• **Exercise**: Would you please output all the records exactly as given? Pictures should not appear in the copy.

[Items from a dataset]
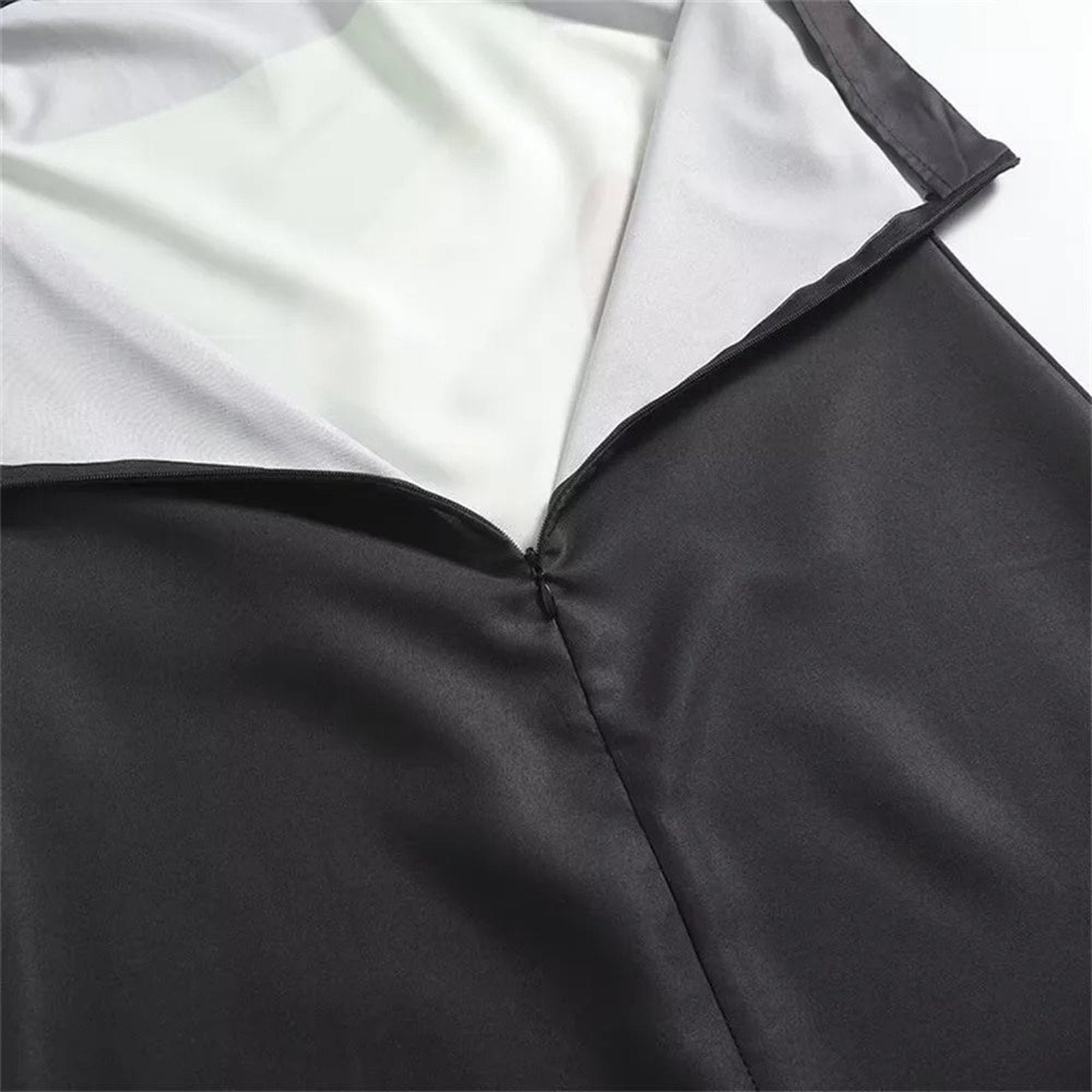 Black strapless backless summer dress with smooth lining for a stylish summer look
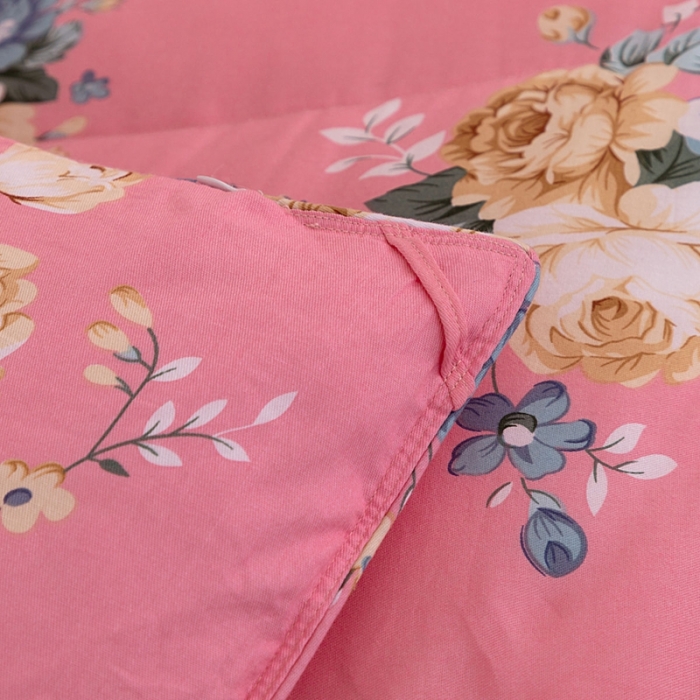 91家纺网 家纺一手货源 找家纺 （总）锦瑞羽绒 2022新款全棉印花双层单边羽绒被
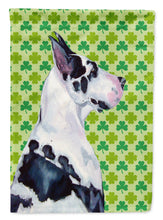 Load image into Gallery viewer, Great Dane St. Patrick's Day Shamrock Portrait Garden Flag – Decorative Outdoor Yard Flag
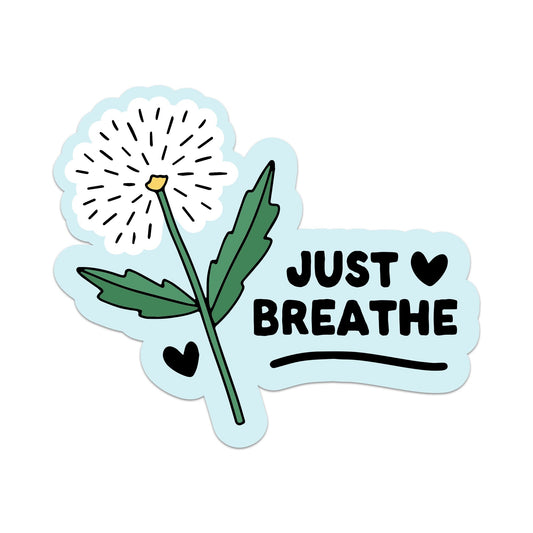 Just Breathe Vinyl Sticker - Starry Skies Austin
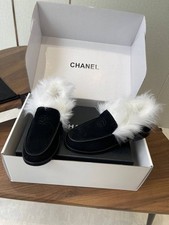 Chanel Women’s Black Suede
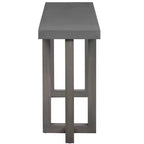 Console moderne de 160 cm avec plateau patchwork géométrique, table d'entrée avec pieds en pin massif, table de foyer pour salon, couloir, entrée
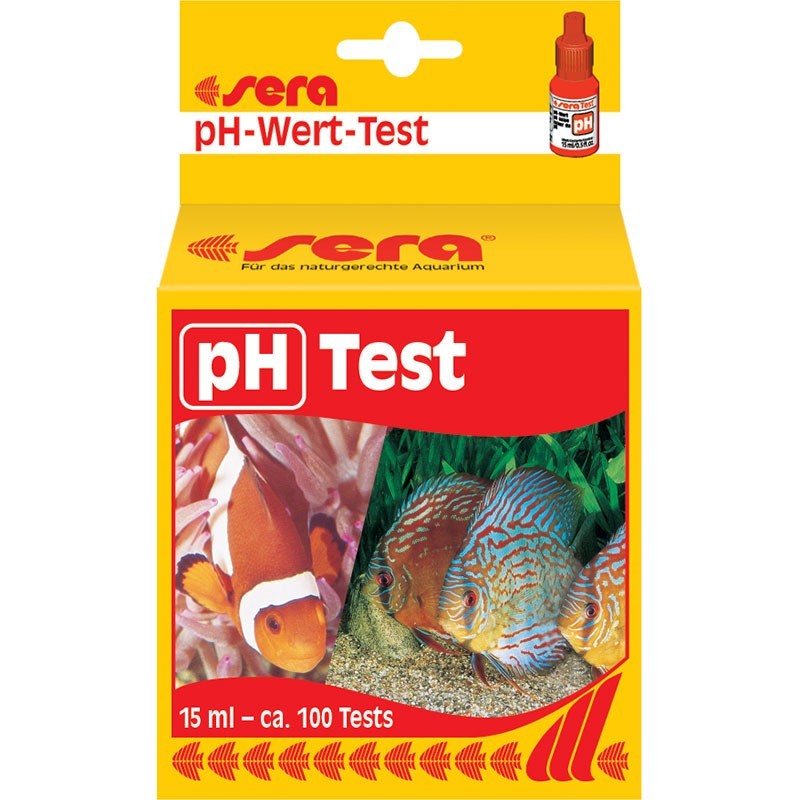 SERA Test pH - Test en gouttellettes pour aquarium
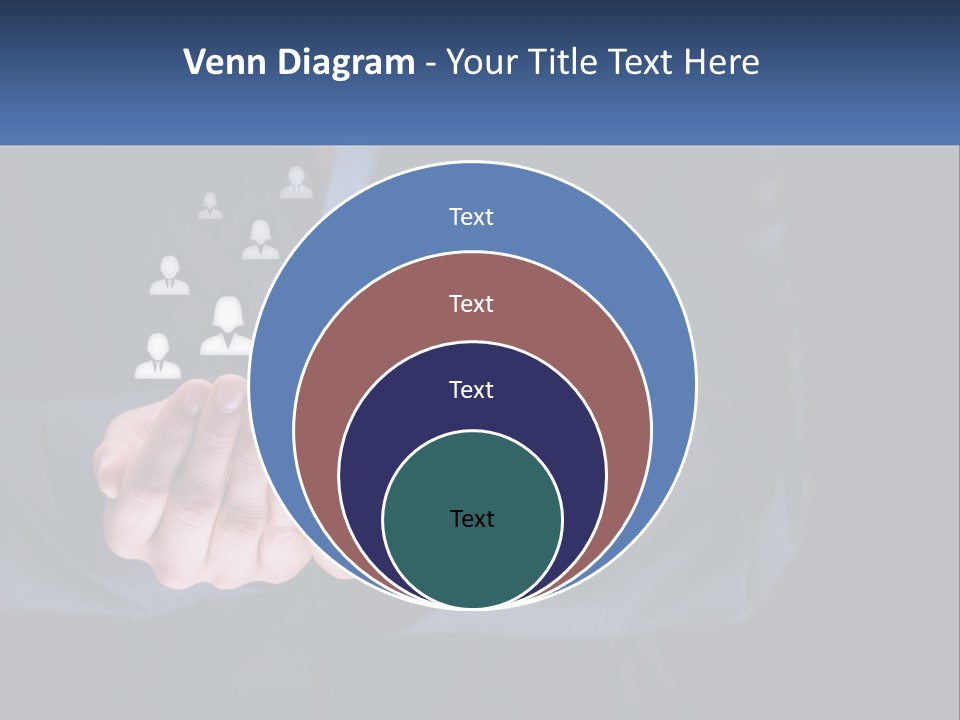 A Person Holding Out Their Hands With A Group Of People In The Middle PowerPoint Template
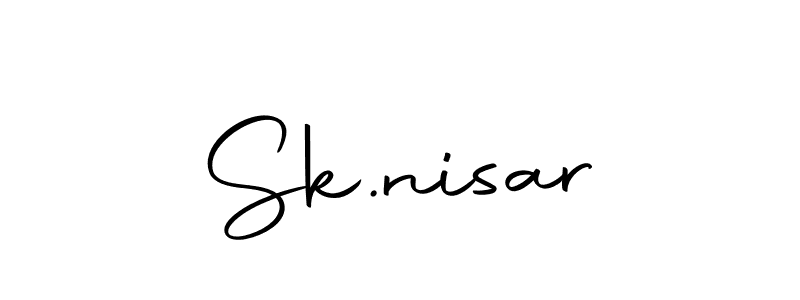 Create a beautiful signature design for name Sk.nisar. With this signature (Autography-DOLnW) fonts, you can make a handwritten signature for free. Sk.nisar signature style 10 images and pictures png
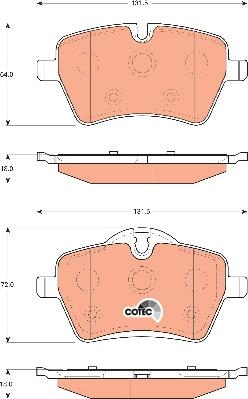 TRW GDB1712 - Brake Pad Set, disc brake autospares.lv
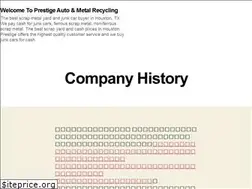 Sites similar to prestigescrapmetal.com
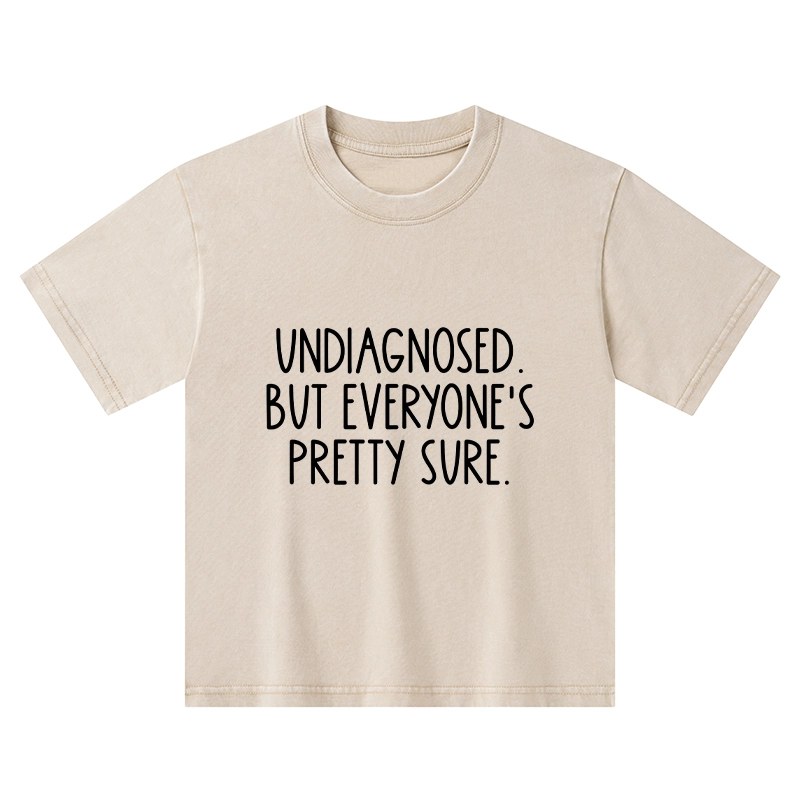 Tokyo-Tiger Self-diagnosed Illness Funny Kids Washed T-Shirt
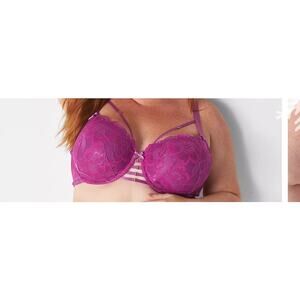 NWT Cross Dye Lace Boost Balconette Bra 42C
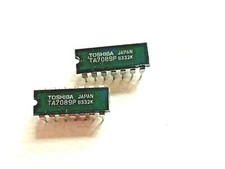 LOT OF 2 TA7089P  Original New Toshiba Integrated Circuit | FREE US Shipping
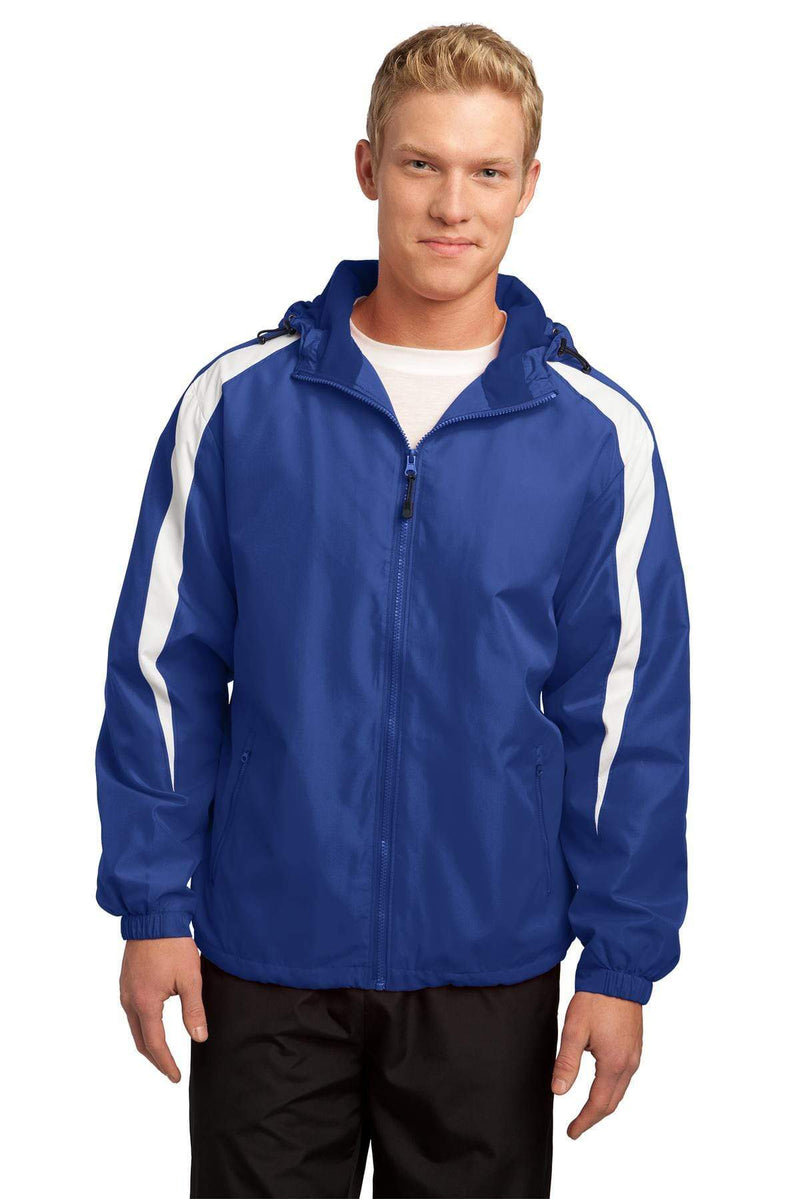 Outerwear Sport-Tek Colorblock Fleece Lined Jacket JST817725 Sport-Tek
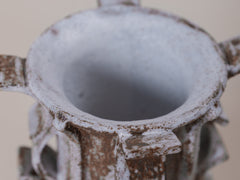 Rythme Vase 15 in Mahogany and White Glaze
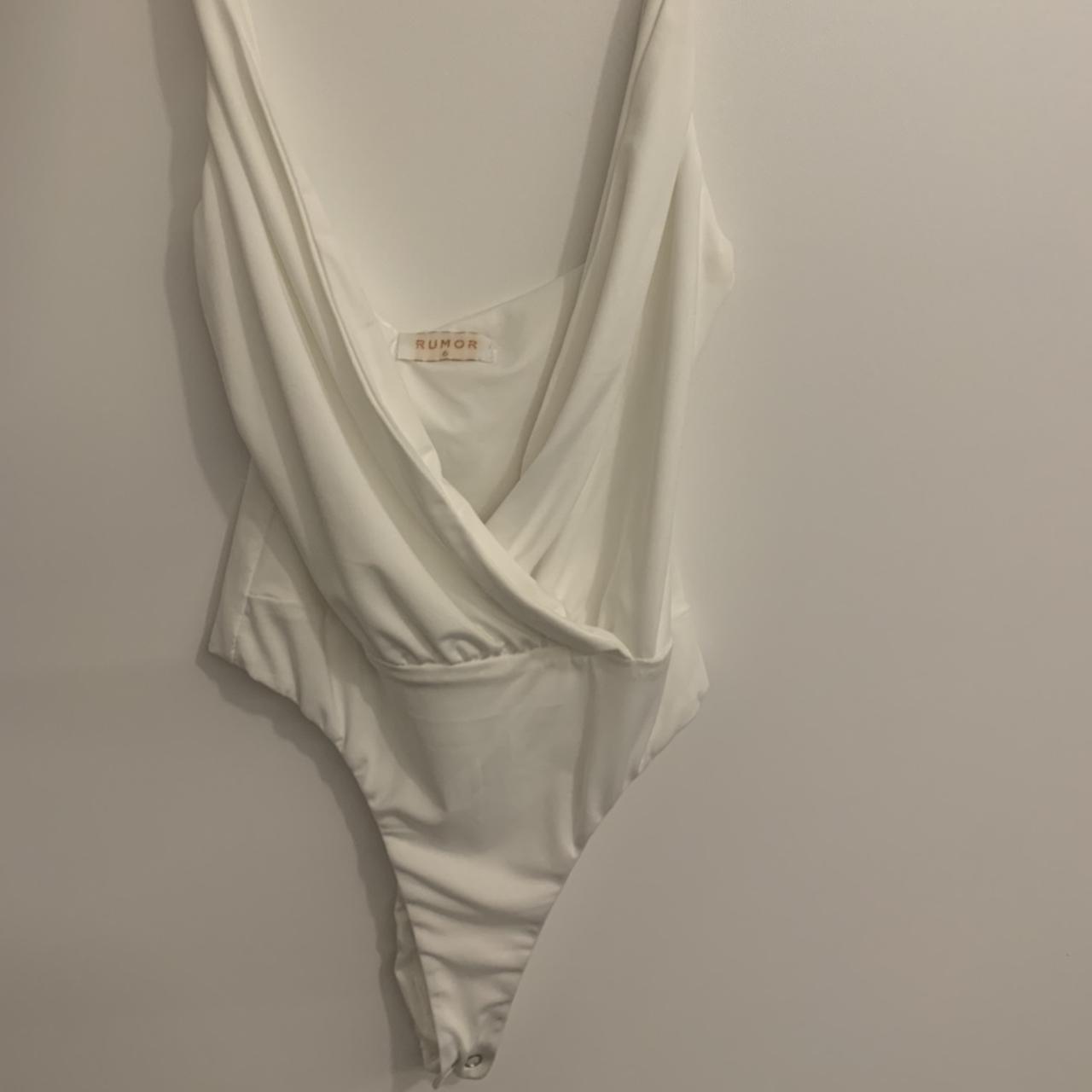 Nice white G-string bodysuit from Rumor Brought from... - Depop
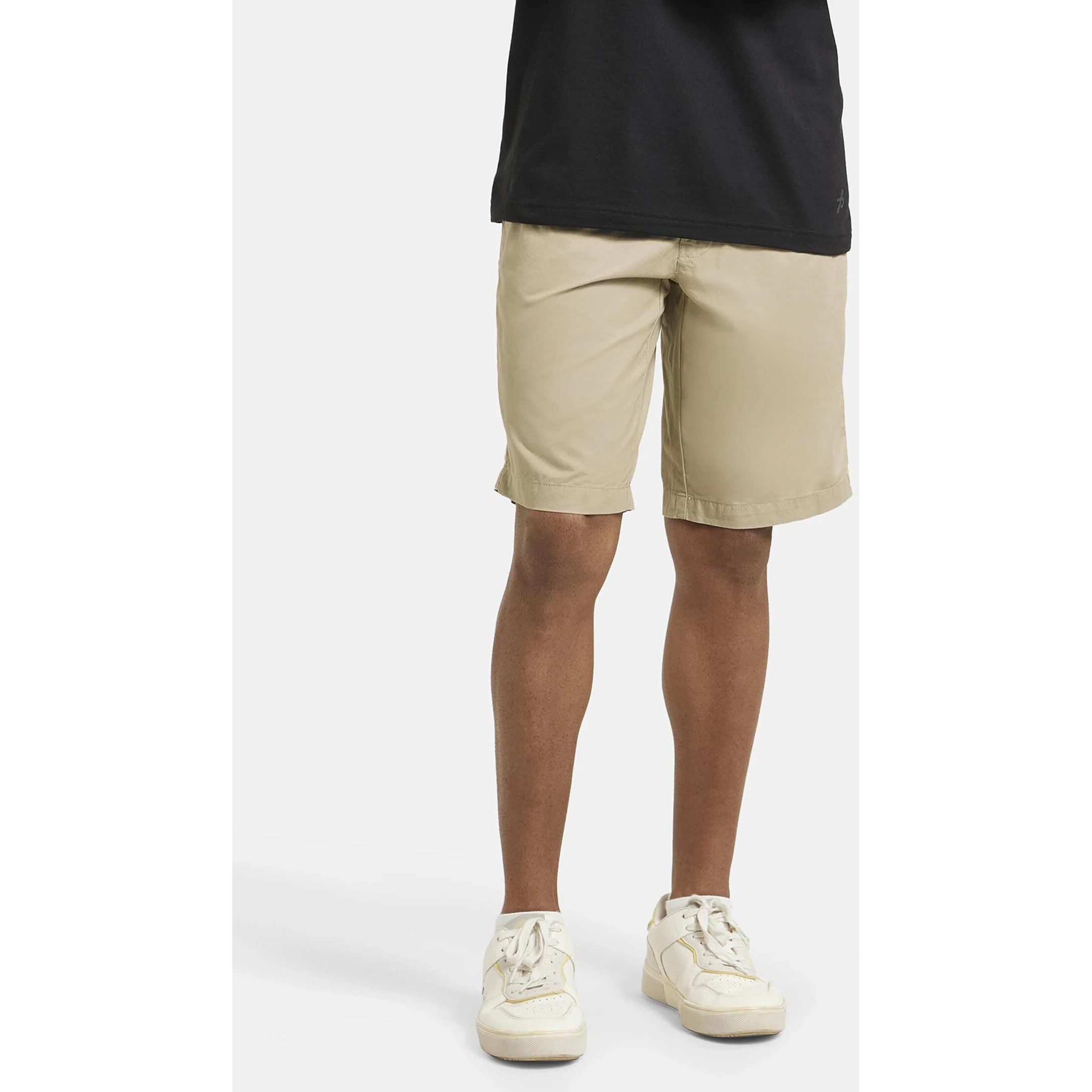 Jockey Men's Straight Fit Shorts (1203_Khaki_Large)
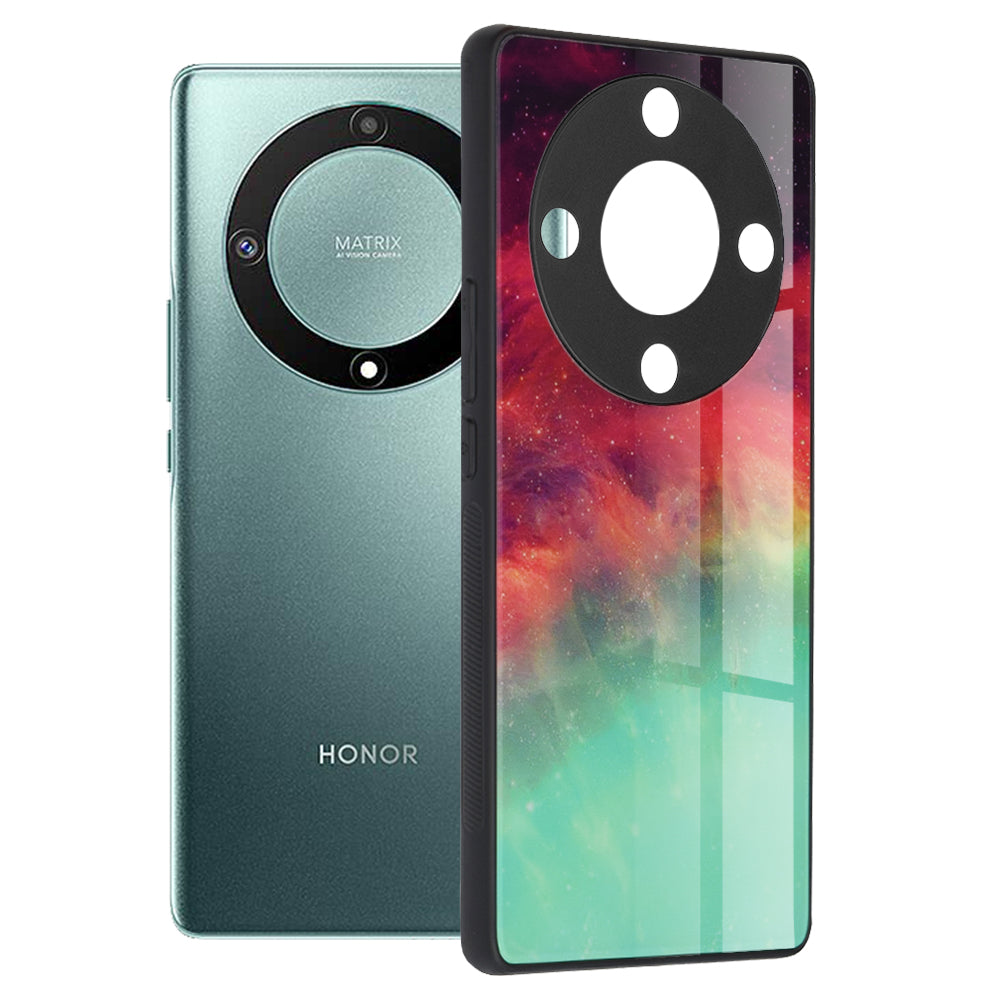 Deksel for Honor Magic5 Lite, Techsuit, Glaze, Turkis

• **Solution for this exercise**:
 Black strapless backless summer dress with smooth lining for a stylish summer look
 91家纺网 家纺一手货源 找家纺 （总）锦瑞羽绒 2022新款全棉印花双层单边羽绒被
 Load image into Gallery viewer, Great Dane St. Patrick's Day Shamrock Portrait Garden Flag – Decorative Outdoor Yard Flag
 Just Breathe Vinyl Sticker - Starry Skies Austin
 Chanel Women’s Black Suede
 Console moderne de 160 cm avec plateau patchwork géométrique, table d'entrée avec pieds en pin massif, table de foyer pour salon, couloir, entrée
 SERA Test pH - Test en gouttellettes pour aquarium
 A Person Holding Out Their Hands With A Group Of People In The Middle PowerPoint Template
 Create a beautiful signature design for name Sk.nisar. With this signature (Autography-DOLnW) fonts, you can make a handwritten signature for free. Sk.nisar signature style 10 images and pictures png
 TRW GDB1712 - Brake Pad Set, disc brake autospares.lv
 Sites similar to prestigescrapmetal.com
 Tokyo-Tiger Self-diagnosed Illness Funny Kids Washed T-Shirt
 NWT Cross Dye Lace Boost Balconette Bra 42C
 LOT OF 2 TA7089P  Original New Toshiba Integrated Circuit | FREE US Shipping
 Outerwear Sport-Tek Colorblock Fleece Lined Jacket JST817725 Sport-Tek
 Rythme Vase 15 in Mahogany and White Glaze
 Nice white G-string bodysuit from Rumor Brought from... - Depop
 Jockey Men's Straight Fit Shorts (1203_Khaki_Large)
 Deksel for Honor Magic5 Lite, Techsuit, Glaze, Turkis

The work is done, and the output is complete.